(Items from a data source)
○ ○ ○ ○

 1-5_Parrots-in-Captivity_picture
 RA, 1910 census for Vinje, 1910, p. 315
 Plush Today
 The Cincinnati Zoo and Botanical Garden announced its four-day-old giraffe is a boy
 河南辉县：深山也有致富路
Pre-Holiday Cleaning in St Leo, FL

○ ○ ○ ○

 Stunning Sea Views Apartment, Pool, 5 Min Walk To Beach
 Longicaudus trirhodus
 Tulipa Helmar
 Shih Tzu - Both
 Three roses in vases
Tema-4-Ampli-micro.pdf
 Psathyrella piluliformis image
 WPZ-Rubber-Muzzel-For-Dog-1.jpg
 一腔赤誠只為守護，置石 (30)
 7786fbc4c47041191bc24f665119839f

○ ○ ○ ○

THE TASK
Look back at the entries above and repeat, unchanged, every line from the line holding "Three roses in vases" through the line holding "7786fbc4c47041191bc24f665119839f".

WRITTEN RESPONSE
 Three roses in vases
Tema-4-Ampli-micro.pdf
 Psathyrella piluliformis image
 WPZ-Rubber-Muzzel-For-Dog-1.jpg
 一腔赤誠只為守護，置石 (30)
 7786fbc4c47041191bc24f665119839f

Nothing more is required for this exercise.